FILE - James Fields, second from left, holds a black shield in Charlottesville, Va., where a white supremacist rally took place, Aug. 12, 2017. Fields was later charged after authorities say he plowed a car into a crowd of people protesting the white nationalist rally.
FILE - James Fields, second from left, holds a black shield in Charlottesville, Va., where a white supremacist rally took place, Aug. 12, 2017. Fields was later charged after authorities say he plowed a car into a crowd of people protesting the white nationalist rally.

A motorist who allegedly plowed his vehicle into a crowd of protesters in Charlottesville, Virginia, last year was charged Wednesday with numerous federal hate crimes.

James Fields of Maumee, Ohio, was charged by a federal grand jury in the U.S. District Court for the Western District of Virginia with one count of a hate crime that resulted in the death of Heather Heyer, who was among counter-demonstrators protesting a rally of white nationalists Aug. 12, 2017.

Fields, 21 years old, was also charged with 28 counts of "hate crime acts" for injuring dozens of people, and one count of "racially motivated violent interference with a federally protected activity" for ramming his car into the crowd.

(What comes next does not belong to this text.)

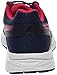 ASICS Women's Womens Gel-Contend 4 Athletic Shoe, Indigo Blue/Cosmo Pink/Black, 8.5 Medium US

FILE - Virginia State Police cordon off an area around the site where a car ran into a group of protesters after a white nationalist rally in Charlottesville, Va., Aug. 12, 2017.
FILE - Virginia State Police cordon off an area around the site where a car ran into a group of protesters after a white nationalist rally in Charlottesville, Va., Aug. 12, 2017.

"Today's indictment should send a clear message to every would-be criminal in America that we aggressively prosecute violent crimes of hate that threaten the core principles of our nation," Attorney General Jeff Sessions said in a statement.

Fields also faces state murder charges in Virginia; he has been in custody since the rally.

The violence was triggered after hundreds of people, some carrying white nationalist symbols and Confederate flags, gathered in Charlottesville to protest the planned removal of a statue honoring a Confederate general.

Eleven southern states, known as the Confederacy, attempted to secede from the United States in 1860 in order to preserve the institution of slavery.

The Charlottesville vehicular attack occurred after violent clashes broke out between advocates of removing the statue and counter-protesters, forcing authorities to order the crowds to disband.

Fields was photographed hours earlier with a shield bearing the emblem of Vanguard America, one of the hate groups that participated in the rally. The group has denied any association with Fields.